The Flop Hat: The Time We Created an Uninsurable Business on Wheels

We bought eight trailers before finding out no one would insure our new rental business. Learn what happened and why due diligence isn't optional.

The Flop Hat: The Time We Created an Uninsurable Business on Wheels
When you buy eight trailers before asking a single insurance question.

Published under The Entrepreneur Hat on HatStacked.com


Some business mistakes cost you a couple hundred bucks. Others leave you standing in a parking lot, staring at eight trailers you now own but can’t risk renting out. This is the story of how a side hustle idea turned into a masterclass in why due diligence matters.


How It Started: “People Always Need Trailers”

The idea was innocent enough.

We noticed that everyone in our area seemed to be moving, landscaping, hauling junk, or buying furniture from Craigslist. U-Haul was booked solid for weeks. Local rental places had weird hours or weird attitudes.

So we thought: what if we bought a few utility trailers, set up a basic booking system, and let people rent them by the day?

It sounded simple. Low maintenance. High demand. Passive-ish income. What could go wrong?


Step One: Buy the Trailers, Obviously

We skipped straight to step one of every classic entrepreneurial mistake: spend money before verifying anything.

We bought not one, not two, but eight trailers. A mix of utility trailers, enclosed haulers, dump trailers, and one glorious dual-axle monster that could probably tow a house.

We had them parked and ready before the website was even done. In our heads, this thing was printing money by next Tuesday.

Spoiler: it was not.


Step Two: Try to Get Insured Like Responsible Adults

After we had already spent five figures on equipment, we finally said the magic words every entrepreneur eventually utters:

“We should probably check into insurance.”

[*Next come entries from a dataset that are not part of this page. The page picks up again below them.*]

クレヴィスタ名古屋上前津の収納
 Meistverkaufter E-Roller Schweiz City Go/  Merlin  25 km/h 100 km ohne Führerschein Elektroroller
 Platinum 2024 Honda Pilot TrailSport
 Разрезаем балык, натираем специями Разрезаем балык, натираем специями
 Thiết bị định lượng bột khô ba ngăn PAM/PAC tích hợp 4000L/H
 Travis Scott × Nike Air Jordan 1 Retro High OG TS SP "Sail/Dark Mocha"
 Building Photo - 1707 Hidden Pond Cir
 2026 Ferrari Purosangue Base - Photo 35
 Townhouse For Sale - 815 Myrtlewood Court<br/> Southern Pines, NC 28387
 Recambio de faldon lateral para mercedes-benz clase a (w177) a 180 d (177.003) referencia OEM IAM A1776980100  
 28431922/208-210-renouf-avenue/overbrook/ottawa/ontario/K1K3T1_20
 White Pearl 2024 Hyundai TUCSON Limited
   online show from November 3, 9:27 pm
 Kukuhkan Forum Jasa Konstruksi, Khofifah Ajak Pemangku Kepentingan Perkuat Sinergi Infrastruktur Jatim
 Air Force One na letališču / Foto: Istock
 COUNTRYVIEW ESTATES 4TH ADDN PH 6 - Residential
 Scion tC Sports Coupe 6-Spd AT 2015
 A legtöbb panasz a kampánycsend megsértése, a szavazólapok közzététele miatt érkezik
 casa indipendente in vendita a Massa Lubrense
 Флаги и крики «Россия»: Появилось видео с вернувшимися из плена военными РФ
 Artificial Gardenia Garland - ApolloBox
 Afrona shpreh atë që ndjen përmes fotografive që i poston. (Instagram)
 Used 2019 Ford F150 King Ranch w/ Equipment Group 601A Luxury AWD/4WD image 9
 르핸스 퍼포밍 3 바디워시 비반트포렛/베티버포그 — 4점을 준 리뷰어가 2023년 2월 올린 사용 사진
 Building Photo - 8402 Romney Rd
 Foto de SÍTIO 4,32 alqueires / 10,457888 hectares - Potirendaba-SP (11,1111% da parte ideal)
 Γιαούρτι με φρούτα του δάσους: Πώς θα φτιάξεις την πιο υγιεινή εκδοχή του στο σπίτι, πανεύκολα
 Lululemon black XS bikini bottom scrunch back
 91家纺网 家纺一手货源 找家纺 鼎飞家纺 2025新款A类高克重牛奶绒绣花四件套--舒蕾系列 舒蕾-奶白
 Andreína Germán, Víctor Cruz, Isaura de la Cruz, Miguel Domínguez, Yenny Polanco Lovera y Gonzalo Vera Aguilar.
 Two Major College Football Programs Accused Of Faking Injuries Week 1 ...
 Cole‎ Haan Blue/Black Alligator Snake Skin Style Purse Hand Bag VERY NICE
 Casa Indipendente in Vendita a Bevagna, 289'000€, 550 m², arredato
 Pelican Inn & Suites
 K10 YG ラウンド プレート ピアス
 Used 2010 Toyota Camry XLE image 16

We called one agency. Then another. And another.

And here's what we learned:
Trailer rentals are basically uninsurable.

Not because it’s impossible, but because commercial insurance providers treat it like handing a chainsaw to a stranger and hoping for the best.

It wasn’t just expensive. It was inaccessible. The policies we found were either:

  • Meant for massive rental fleets, not 8 trailers in a lot
  • Prohibitively expensive (as in, your trailer needs to rent 40 days a month just to break even)
  • So full of exclusions they might as well say “this covers you unless something actually happens”

We called another rental company and asked what insurance they used. They straight-up laughed. They were "self-insured". That was the actual quote.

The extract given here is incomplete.